A paraprosdokian is a figure of speech in which the latter part of a sentence or phrase is surprising or unexpected in a way that causes the reader or listener to reframe or reinterpret the first part. It is frequently used for humorous or dramatic effect.
Ø I asked God for a bike, but I know God doesn’t work that way. So I stole a bike and asked for forgiveness.
Ø Do not argue with an idiot. He will drag you down to his level and beat you with experience.
Ø I want to die peacefully in my sleep, like my grandfather. Not screaming in terror like the passengers in his car.
Ø Going to church doesn't make you a Christian any more than standing in a garage makes you a car.
Ø The last thing I want to do is hurt you. But it's still on the list.
Ø Light travels faster than sound. This is why some people appear bright until you hear them speak.

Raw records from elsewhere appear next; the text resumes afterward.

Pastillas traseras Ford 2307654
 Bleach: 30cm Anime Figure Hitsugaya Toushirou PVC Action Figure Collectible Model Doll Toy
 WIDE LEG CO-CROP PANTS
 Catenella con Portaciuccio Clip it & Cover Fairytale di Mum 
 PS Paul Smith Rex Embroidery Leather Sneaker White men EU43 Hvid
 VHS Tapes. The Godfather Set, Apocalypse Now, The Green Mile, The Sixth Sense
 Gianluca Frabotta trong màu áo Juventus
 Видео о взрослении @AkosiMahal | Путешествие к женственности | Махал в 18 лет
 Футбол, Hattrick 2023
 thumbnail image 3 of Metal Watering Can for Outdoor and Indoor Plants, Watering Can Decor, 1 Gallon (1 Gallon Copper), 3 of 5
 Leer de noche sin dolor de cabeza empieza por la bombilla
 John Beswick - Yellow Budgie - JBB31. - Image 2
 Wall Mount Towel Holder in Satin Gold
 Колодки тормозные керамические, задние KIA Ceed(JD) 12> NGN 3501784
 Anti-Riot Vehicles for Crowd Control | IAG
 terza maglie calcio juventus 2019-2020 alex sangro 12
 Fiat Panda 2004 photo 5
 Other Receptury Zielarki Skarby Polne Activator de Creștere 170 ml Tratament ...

Ø If I agreed with you, we'd both be wrong.
Ø We never really grow up; we only learn how to act in public.
Ø War does not determine who is right -- only who is left.
Ø Knowledge is knowing a tomato is a fruit; Wisdom is not putting it in a fruit salad.
Ø The early bird might get the worm, but the second mouse gets the cheese.
Ø Evening news is where they begin with 'Good Evening,' and then proceed to tell you why it isn't.
Ø To steal ideas from one person is plagiarism. To steal from many is research.
Ø A bus station is where a bus stops. A train station is where a train stops. My desk is a work station.
Ø How is it one careless match can start a forest fire, but it takes a whole box to start a campfire?
Ø Dolphins are so smart, that within a few weeks of captivity they can train people to stand on the edge of the pool and throw them fish.
Ø I thought I wanted a career; turns out I just wanted a paycheck.
Ø A bank is a place that will lend you money if you can prove that you don't need it.
Ø Whenever I fill out an application, in the part that says "In case of an emergency, notify - - -", I put "DOCTOR."
Ø I didn't say it was your fault, I said I was blaming you.
Ø Why does someone believe you when you say there are four billion stars, but check when you say the paint is wet?.
Ø Why do Americans choose from just two people to run for president and 50 for Miss America?
Ø Behind every successful man is his woman. Behind the fall of a successful man is usually another woman.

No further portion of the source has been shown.